[Material provided]:
=== Section Start ===

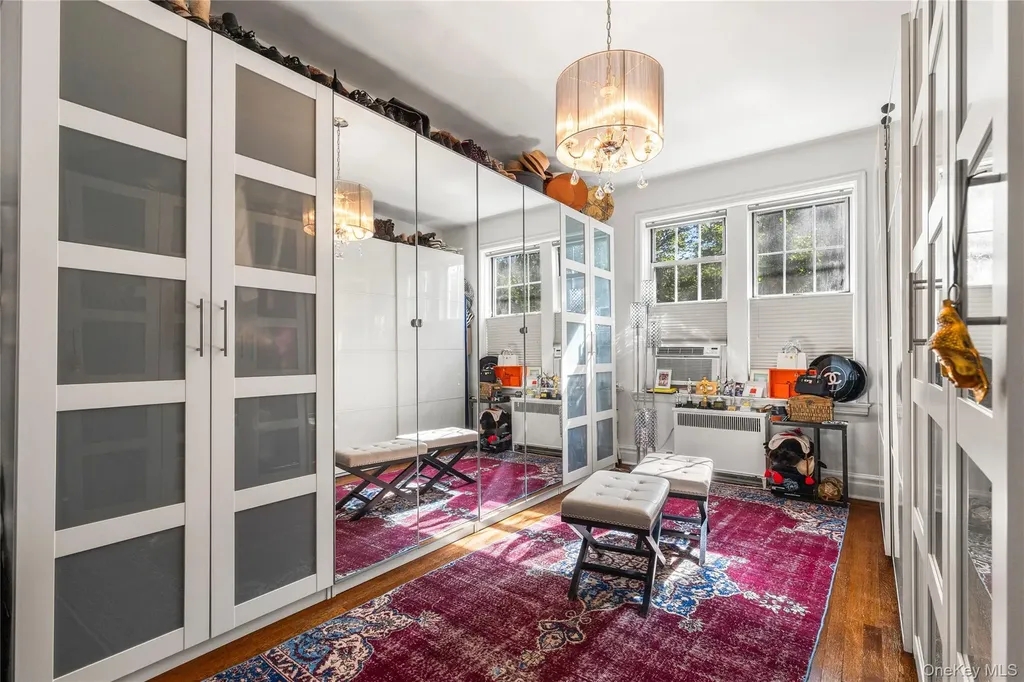 25 Parkview Avenue Bronxville NY 10708
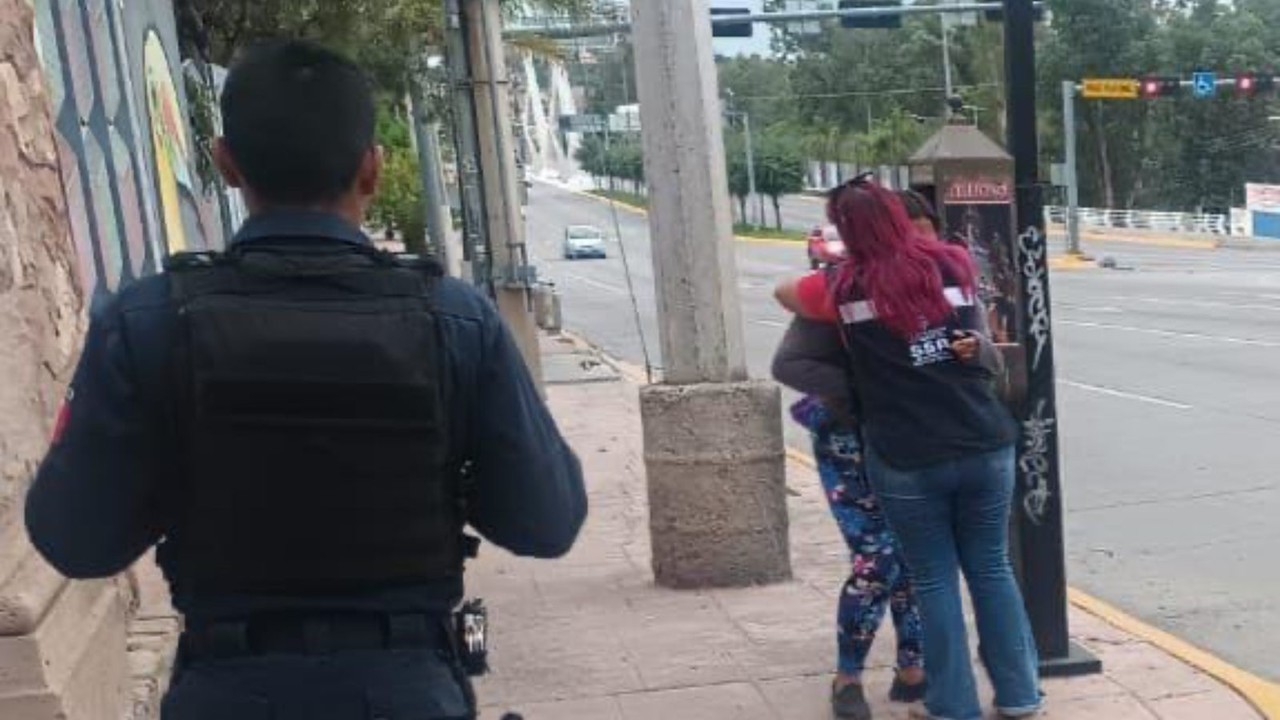 Personal de la Secretaría de Seguridad Pública responsables de la Línea Amarilla brindando contención a una mujer en crisis. Foto; Facebook SSP Durango.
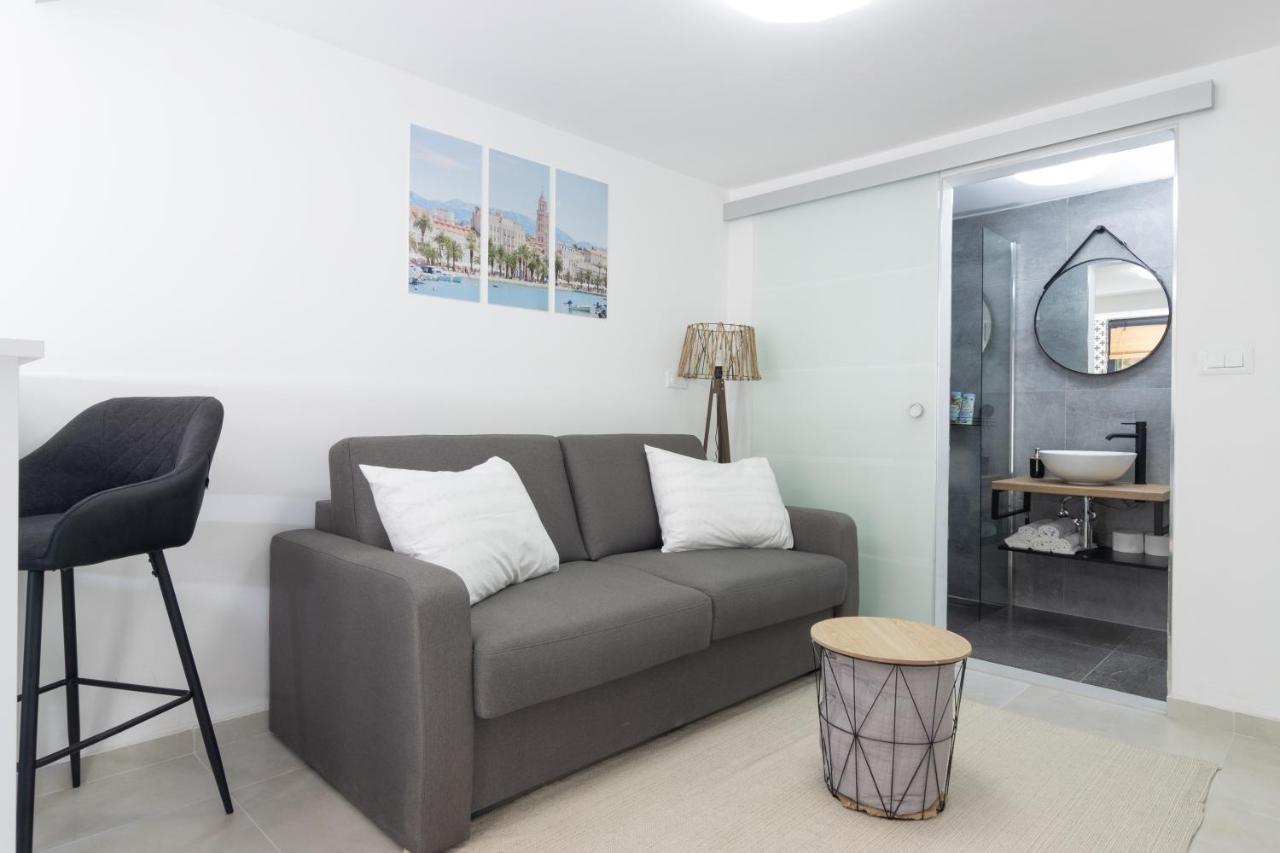 Studio Tina In Centar With Parking Split Bagian luar foto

=== Section End ===

[What needs to be done]: Return the data exactly. Pictures stay out.

[Result]:
 25 Parkview Avenue Bronxville NY 10708
 Personal de la Secretaría de Seguridad Pública responsables de la Línea Amarilla brindando contención a una mujer en crisis. Foto; Facebook SSP Durango.
 Studio Tina In Centar With Parking Split Bagian luar foto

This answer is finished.